### Assigned task
Both ends included, set down the lines from the line containing "lot 2449 image: PCSsole" through the last line of the records below, without pictures.

### Data to use
+---+
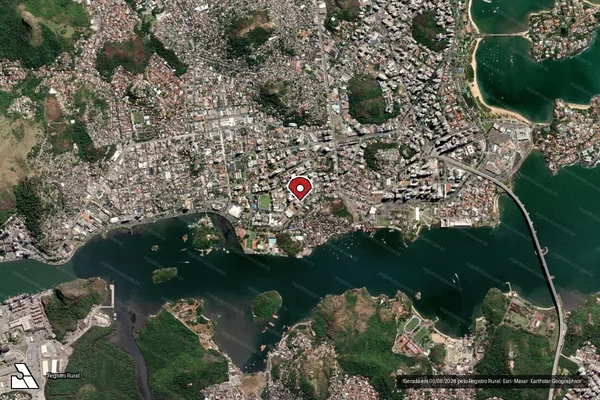 Imagem de satélite — Embargo IBAMA — Infração de Administração Ambiental(Não Classificada-Móvel) - Vitória/ES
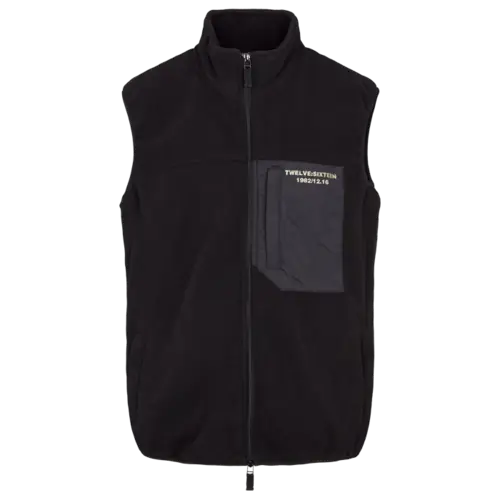 Twelve Sixteen Fleece Vest Sort - Large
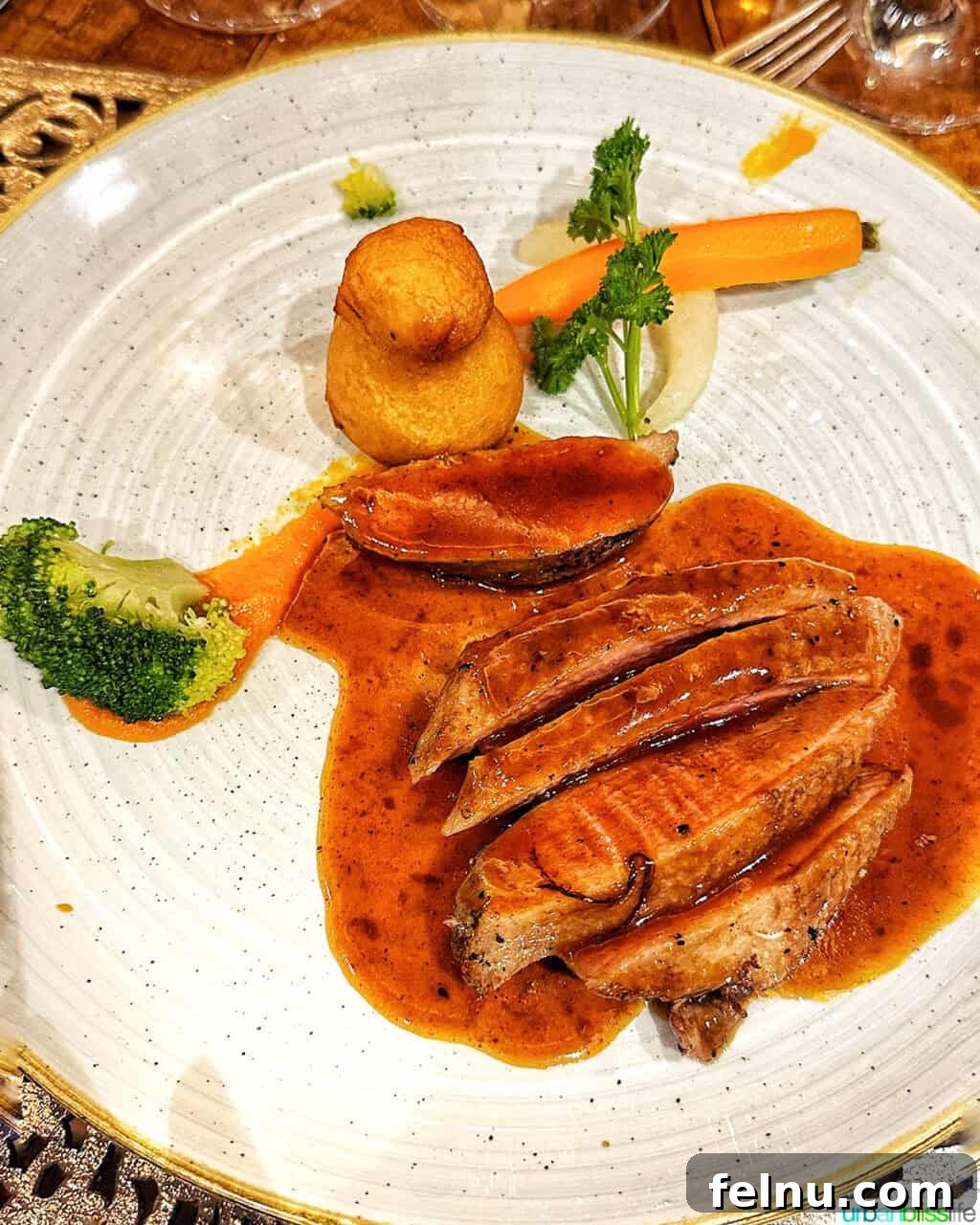AmaWaterways: A Gastronomic Journey on Europe's Rivers 25 AmaWaterways River Cruise Duck Breast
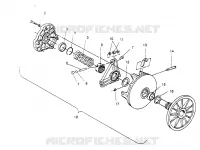 EMBRAYAGE DE TRANSMISSION ASSEMBLY STORM 0950782, STORM SKS 0950582,  EURO STORM E950782 (4929012901C001)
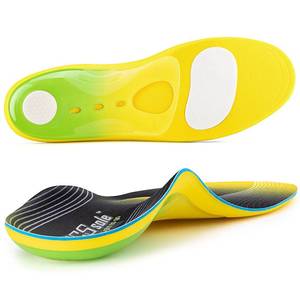lot 2449 image: PCSsole Plantar Fasciitis Insoles - 220lbs Heavy Duty High Arch Support Inserts Comfort Arch Support Insoles with Shock Absorbing Gel - Flat Feet - Orthotic Foot Pain Relief Insoles for Men Women - Retail $35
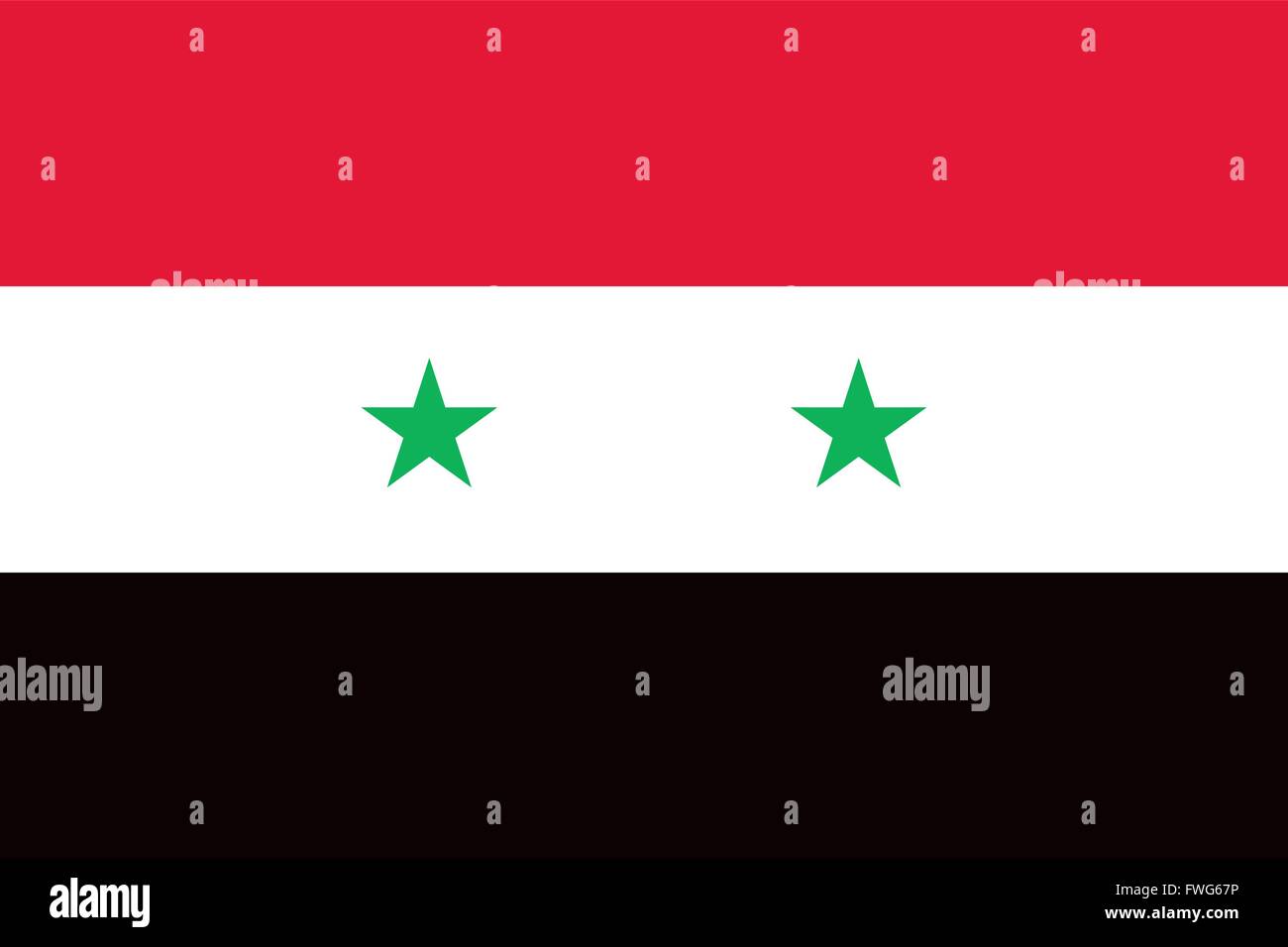 Syria flag Stock Vector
+---+
### Result of this exercise
lot 2449 image: PCSsole Plantar Fasciitis Insoles - 220lbs Heavy Duty High Arch Support Inserts Comfort Arch Support Insoles with Shock Absorbing Gel - Flat Feet - Orthotic Foot Pain Relief Insoles for Men Women - Retail $35
 Syria flag Stock Vector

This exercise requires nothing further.